The first factor could be called tax balance. The more evenly taxes are distributed over different economic activities, the less likely companies will modify their investment decisions due to the added cost of taxation or due to  their desire to avoid higher level of taxation (for instance, on labor). The ideal system would eliminate consideration of tax consequences from private investment decisions.

The second factor could be called tax fairness. For taxes to be fair, every person should pay the same tax for the same economic activity. Evading that tax creates not only the unfairness of one person paying their full share of tax while another does not, but leads to a second unfairness: in order to collect the full share of tax from those who intend to evade paying it, authorities have to build systems of compliance which increase the cost of taxes for not only the state, but also those who want to pay their full share. Everyone who evades taxes, therefore, contributes to a below optimal balance in the tax system. 

The third factor could be called tax competitiveness. In order to generate wealth, each country strives to generate products and services that other countries will buy.

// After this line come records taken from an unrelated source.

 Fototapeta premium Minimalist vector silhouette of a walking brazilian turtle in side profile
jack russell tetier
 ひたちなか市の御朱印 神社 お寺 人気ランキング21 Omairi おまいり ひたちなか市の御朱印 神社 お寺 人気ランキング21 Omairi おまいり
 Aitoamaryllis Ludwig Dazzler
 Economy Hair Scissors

Those products and services can either be a cheaper version of what is available in other countries or a better version that can sell for more. Better versions create bigger prosperity. Keeping a higher level of products and services require riskier investments into education and research. To help private investors offset the cost of those risks, countries can create tax incentives that encourage private investors to take the risk of such investments.

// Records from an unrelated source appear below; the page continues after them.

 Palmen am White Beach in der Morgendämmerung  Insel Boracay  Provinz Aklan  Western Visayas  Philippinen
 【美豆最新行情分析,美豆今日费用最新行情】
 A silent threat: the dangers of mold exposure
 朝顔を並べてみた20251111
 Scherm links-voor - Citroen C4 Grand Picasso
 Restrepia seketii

Over the next pages, we provide some international data on these three factors to put some perspective on how Central European countries conduct tax policy. Read the analysis attached below (in English).

 

--------------------------------------------------------

Read also notes and quotes from the 2017 AmCham Regional Tax Conference. All presentations are available here.

 

Czech Finance Minister (until 24 May 2017) A. Babiš: "We can be back atop of Europe, we can create the growth by ourselves. It would take hundreds of billions of crowns invested – and people. Managers should engage themselves more in public affairs and should have people around who would be able to finalize the legislative steps needed… "

"There is no reason to increase investment incentives...Pouring money into incentives without knowing what the outcome will be is non-sense."

 

L. Malůšek, Partner, Tax Services, KPMG Czech Republic"In the latest KPMG tax survey, 71% of respondents named tax administration as a source of inefficiencies, 63% named shadow economy… There is a lack of openness to business approach – there is a need to extend possibility of binding rulings, for example."

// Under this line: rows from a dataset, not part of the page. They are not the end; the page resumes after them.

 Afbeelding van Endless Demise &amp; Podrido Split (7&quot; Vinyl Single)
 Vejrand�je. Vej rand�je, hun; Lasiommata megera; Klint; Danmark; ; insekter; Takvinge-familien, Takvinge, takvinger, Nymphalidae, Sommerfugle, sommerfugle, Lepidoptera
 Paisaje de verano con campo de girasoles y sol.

S. Kouba, Czech Minstry of Finance mentioned the key role of improving the risk analysis. However, this requires an IT system and a big data set provided by taxpayers. This seems as a bigger administrative burden for taxpayers, but a centralized database would solve the problem, as it would enable better data flow between individual databases run by the state. Based on the risk analysis, tax administration could plan targeted audits. Control statement  is meant to stop caroussel fraud. EET enables to collect more taxpayer data. "Our preference is electronic and standardized communication related to tax duties, i.e. automation. All data should have an electronic format and this would open the new way of communication between the tax administration and clients, the so-called virtual tax office. Parts of taxpayer files could be open. Legislation should be pushed in this direction."

M. Brix, CFO, LeasePlan, sees the impact of the online sales registration system on small businesses rather than on large corporations. He agrees with the idea that the attitude towards paying taxes must be identical for all taxpayers. We cannot simply say that small businesses are not used to paying taxes. "If companies devote sufficient attention and care to their tax issues, nothing should surprise them and the cooperation with the tax administration is simple and unproblematic." It should also be noted that the tax system cannot be too simple and big corporations cannot expect to process their tax return within a couple of days.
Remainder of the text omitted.